- **Task**: Copy out the data below as written; omit any images.

- **The data**:
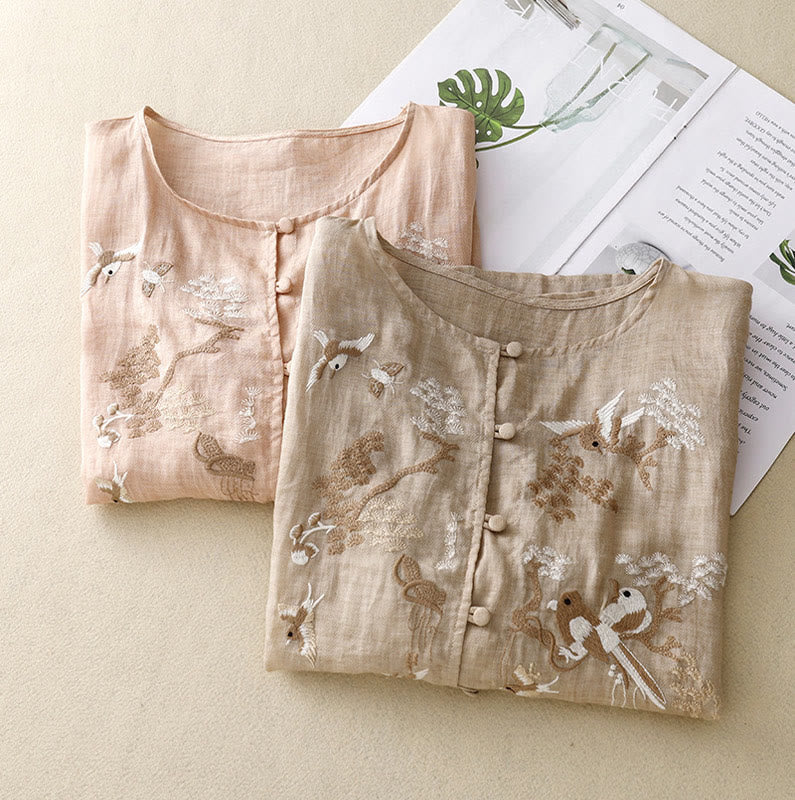 Camicetta casual con scollo rotondo Buddha Stones, ricamo, manica lunga, in cotone e lino, camicette da donna - image 18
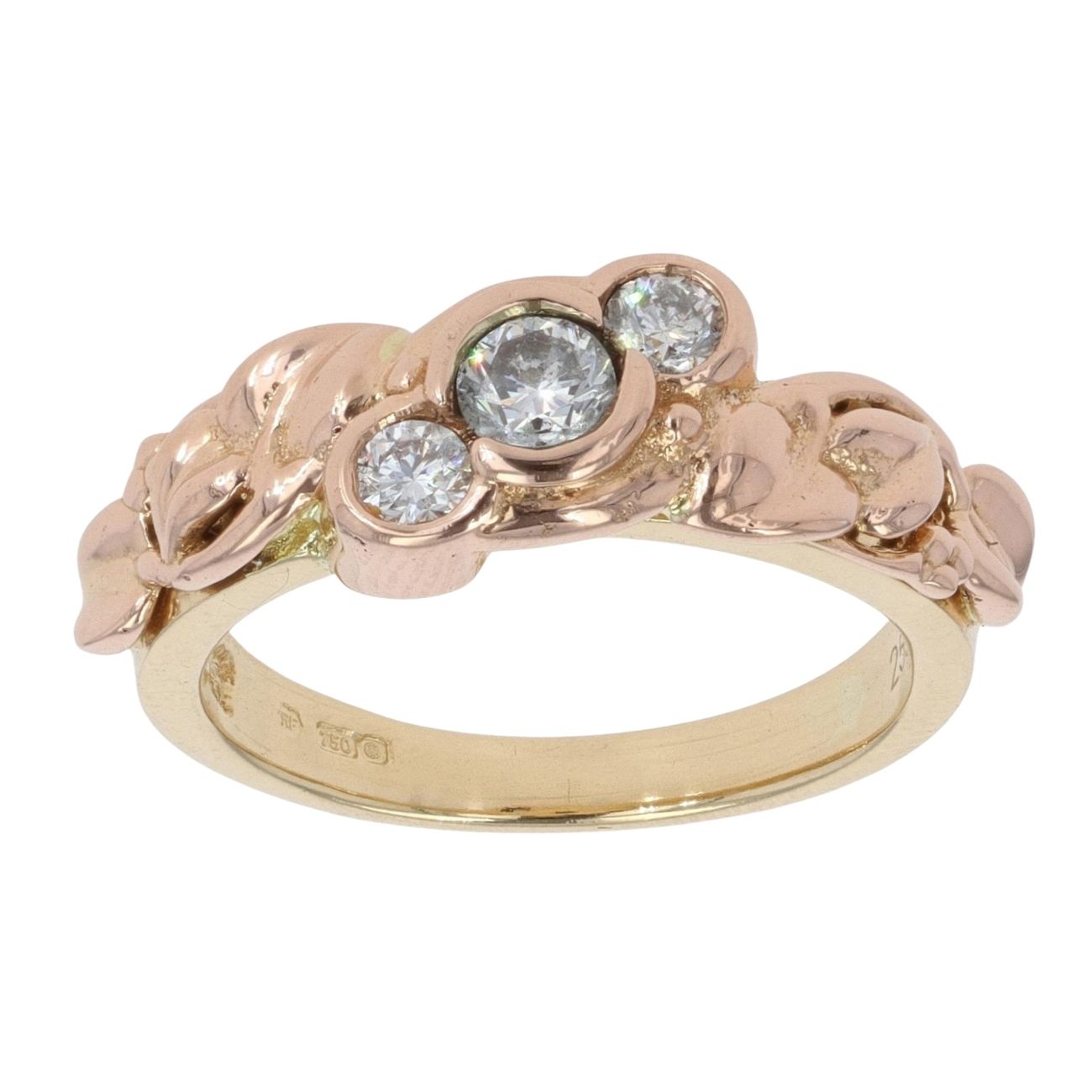 9ct Yellow And Rose Gold 0.30ct Diamond Trilogy Windsor Clogau Ring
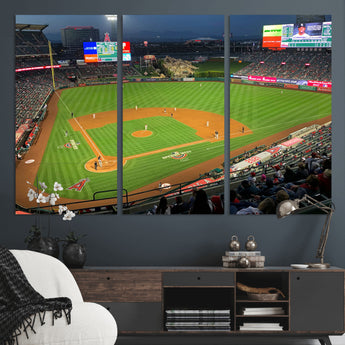 93707-MGV-CV-36X24-Los Angeles Stadium Wall Art Canvas Print, Framed Angel Stadium Field Art Picture Print, Anaheim Stadium Perfect Sports Room Decor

- **The completed task**:
 Camicetta casual con scollo rotondo Buddha Stones, ricamo, manica lunga, in cotone e lino, camicette da donna - image 18
 9ct Yellow And Rose Gold 0.30ct Diamond Trilogy Windsor Clogau Ring
 93707-MGV-CV-36X24-Los Angeles Stadium Wall Art Canvas Print, Framed Angel Stadium Field Art Picture Print, Anaheim Stadium Perfect Sports Room Decor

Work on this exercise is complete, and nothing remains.